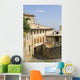 Typical Tuscan Village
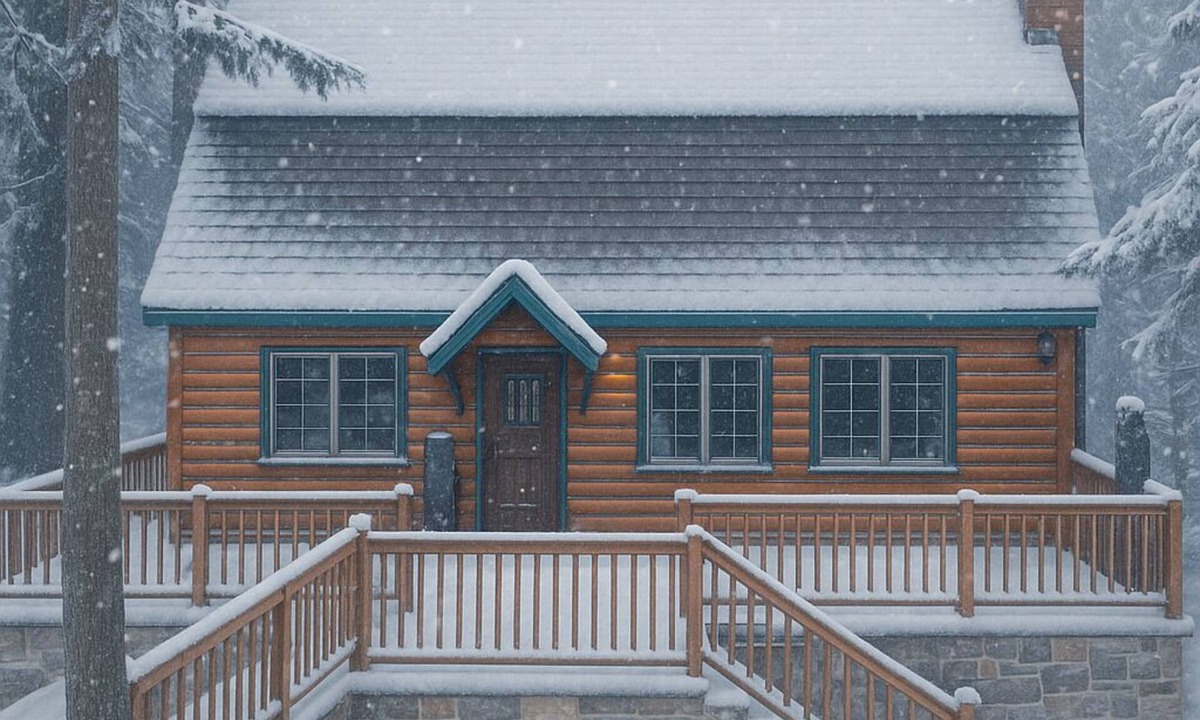 Sierra Cedars Cabin | The Stew Cabin ~ Cozy Escape + Fireside Memories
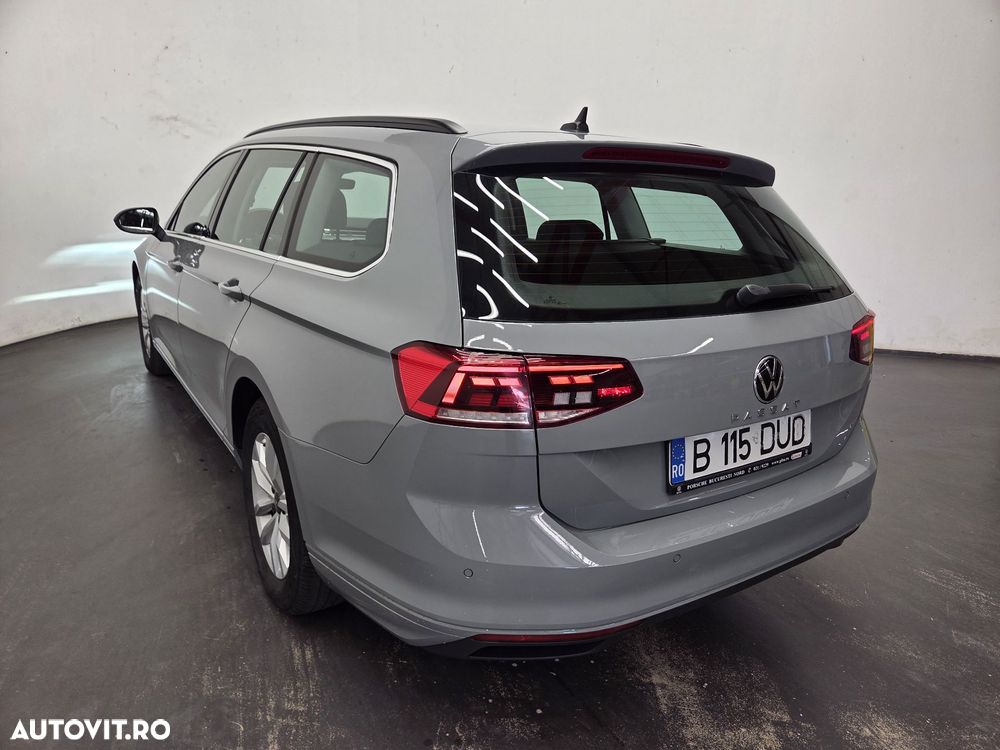 Volkswagen Passat 1.5 TSI ACT OPF DSG Comfortline - 2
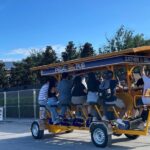 Pedal Pub Nola Bayou St. John Pub Ride - The Sum Up
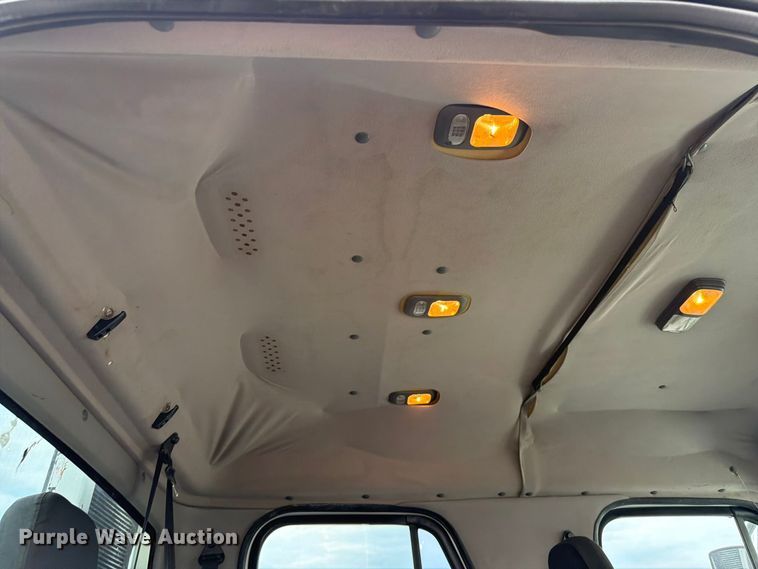 image for item FW3507 2014 Freightliner 108SD Crew Cab crane truck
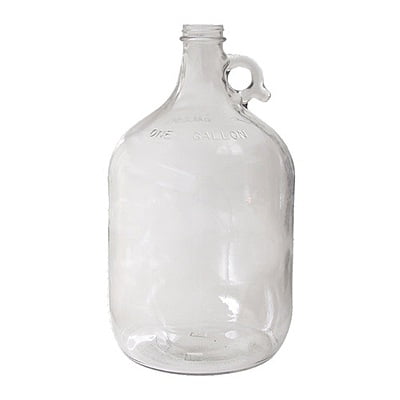Glass Jug - 1 Gallon Glass Jug - 1 Gallon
........
WHAT NEEDS TO BE DONE:
A verbatim copy of the entries, without the pictures, is what this task requires.

RESPONSE TO THIS TASK:
 Typical Tuscan Village
 Sierra Cedars Cabin | The Stew Cabin ~ Cozy Escape + Fireside Memories
 Volkswagen Passat 1.5 TSI ACT OPF DSG Comfortline - 2
 Pedal Pub Nola Bayou St. John Pub Ride - The Sum Up
 image for item FW3507 2014 Freightliner 108SD Crew Cab crane truck
Glass Jug - 1 Gallon Glass Jug - 1 Gallon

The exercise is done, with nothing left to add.